WHAT TO DO: The expected output is the full data, repeated exactly, without pictures.

INFORMATION SHOWN:
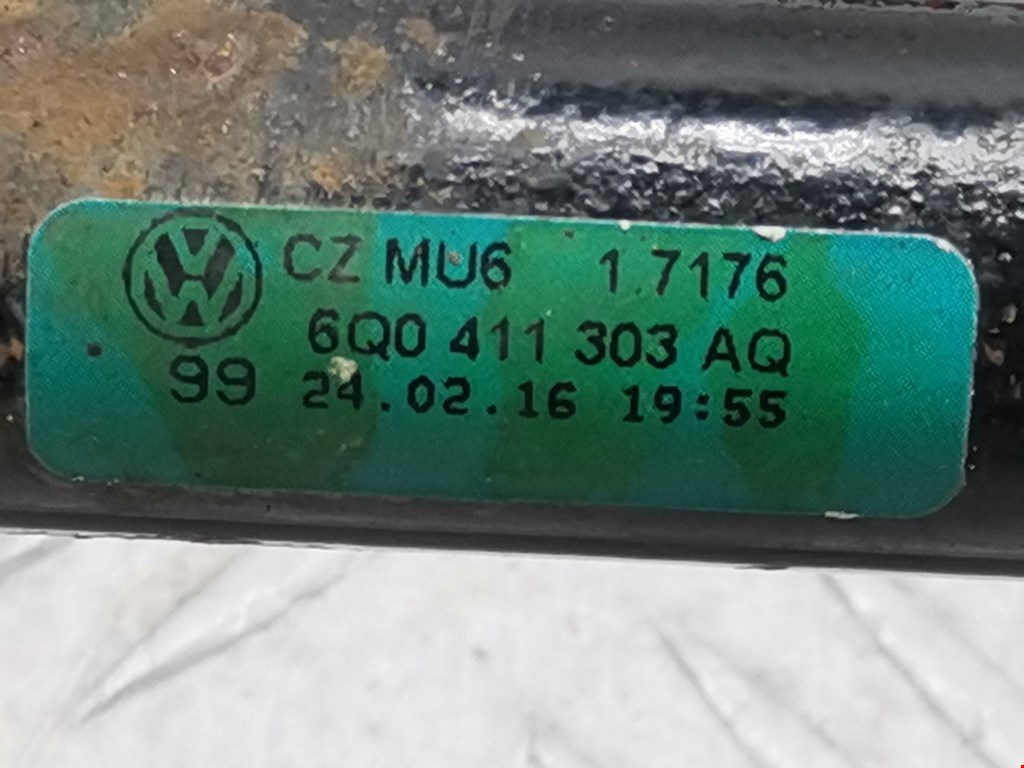 Стабилизатор передний (поперечной устойчивости подвески) SEAT Toledo 2012-2019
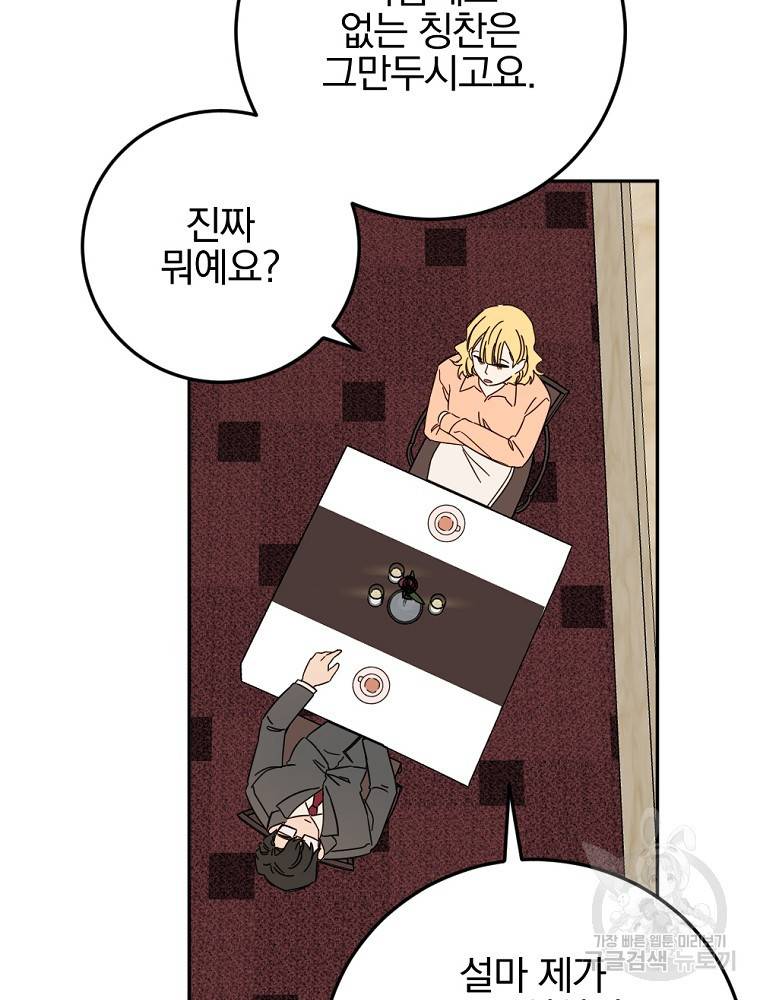 월요일이 사라졌다 46화 9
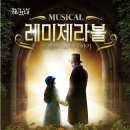 [가족뮤지컬] 레미제라블 전라일보
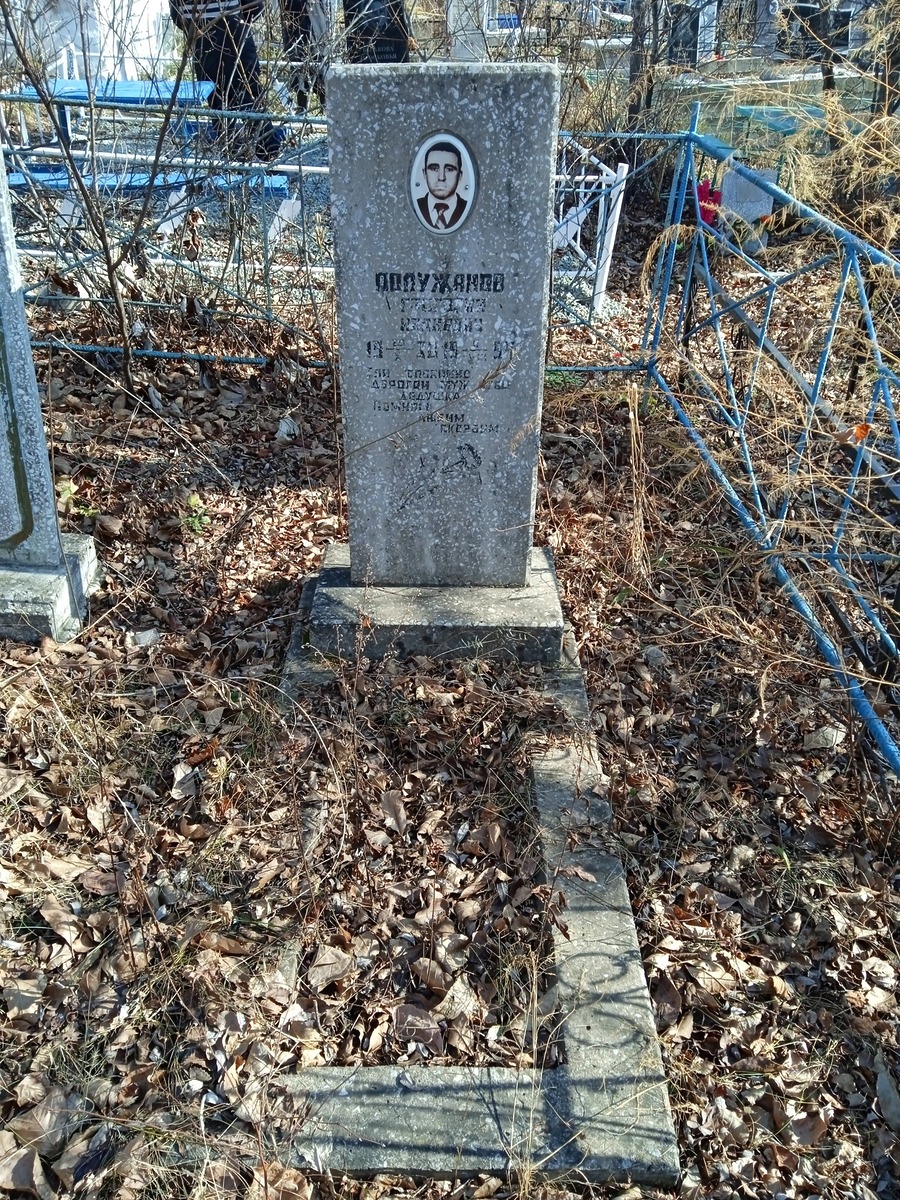 Полужанов Григорий Иванович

YOUR SOLUTION:
 Стабилизатор передний (поперечной устойчивости подвески) SEAT Toledo 2012-2019
 월요일이 사라졌다 46화 9
 [가족뮤지컬] 레미제라블 전라일보
 Полужанов Григорий Иванович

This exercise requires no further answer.